Les jours qui suivent, je reste prostré, obsédé par cette bonbonne défaillante. Je l’observe, espérant sans trop y croire qu’une étincelle s’y rallume, que l'univers reconnaisse son erreur et fasse justice. Mais la bouteille reste vide, figée dans son mensonge. On m’a volé mon rêve et, avec lui, mon espoir d’être quelqu’un, de faire partie de quelque chose. Un matin, pris d’un accès de rage, je manque de briser le flacon inutile contre le mur. Ma main est déjà levée quand une étrange sensation me traverse, comme un souffle d’apaisement. Le vide, je le ressens, mais il n’est pas si lourd qu’au premier abord. Il a même quelque chose d’étrangement libérateur.
Peu à peu, l’idée fait son chemin en moi : dans cette bouteille éteinte, il y a un espace, un néant. C’est la première fois que je peux contempler un objet sans que son utilité ou sa valeur sociale m’encombre. L’étoile morte est là, silencieuse, inoffensive, et elle ne me demande rien. Elle ne me promet rien non plus. Ce silence étrange m’ouvre une nouvelle voie, loin des serments vains, loin de l’obsession du statut.
Je m’habitue bientôt à cette obscurité. Je découvre que ce que j’ai interprété d’abord comme un échec contient une richesse que je n’avais jamais connue : celle de la tranquillité, de l’absence de prétention. Dans cette obscurité que j’avais tant redoutée, je me sens libre, affranchi de cette course absurde vers la possession et la reconnaissance illusoire. Au fond de moi, une voix me murmure que, peut-être, il y a plus de noblesse dans le renoncement que dans l’acquisition.

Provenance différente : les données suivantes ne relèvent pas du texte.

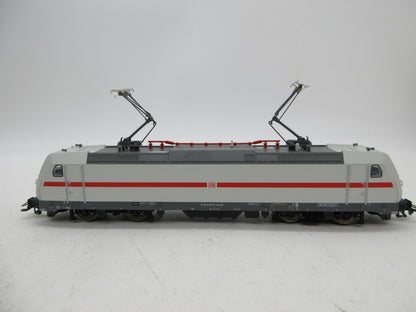 Märklin H0 - 36620 - E-loc, BR 146.5 van de DB AG - MFX+/Sound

Désormais, les étincelants propriétaires de lumière céleste me paraissent étrangement pathétiques. Ils s’accrochent à leur lumière éphémère, brandissant leur bonbonne comme un étendard, prouvant leur valeur à qui veut bien les admirer. Et moi, dans mon ombre, je les observe avec une compassion mêlée de pitié. Leurs regards avides trahissent leur crainte de voir leur lumière s’éteindre, tandis que moi, j’ai trouvé la sérénité dans la pénombre.

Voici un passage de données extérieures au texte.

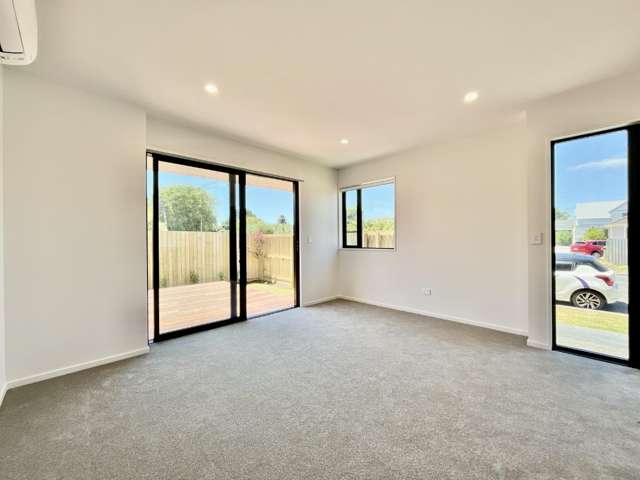 1/107 Smith Street 1582_3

Un jour, un autre travailleur, témoin de mon étrange détachement, me demande pourquoi je ne cherche pas à remplacer ma bouteille éteinte. Je lui réponds sans hésitation qu’il m’a suffi de perdre ma lumière pour gagner en clarté. Il ne comprend pas, bien sûr. Qui pourrait le faire dans un monde où l’on existe seulement par ce que l’on exhibe ?
J’apprends à savourer la discrétion, à cultiver ce vide que l’on croit redoutable, mais qui, en réalité, regorge de paix. La fiole éteinte devient mon emblème secret, une étoile de ténèbres qui brille en moi seul, insensible aux regards extérieurs. Étonnamment, elle m’offre une force qui surpasse celle de toutes les lumières éphémères que l’on peut acheter. Ma clarté intérieure, née de l’obscurité, m’éloigne peu à peu de ce monde scintillant d'illusions.
Aujourd’hui encore, il m’arrive de croiser des gens, certains riches, certains pauvres, tous englués dans cette obsession de rayonner. Ils s’épuisent, se ruinent, pour un éclat factice qui s’éteindra, inévitablement. Et moi, je les regarde, invisible, étranger à leurs ambitions. Peut-être qu’un jour, d’autres comprendront que la lumière la plus précieuse n’est pas celle que l’on peut acheter, mais celle qui naît lorsque l’on se libère des faux espoirs et que l’on embrasse l’obscurité.
Au fond, dans ce monde aveuglé par ses fausses étoiles, je deviens une ombre en paix. Mon éclat ne dépend plus des faux astres, mais du silence céleste de l’intérieur.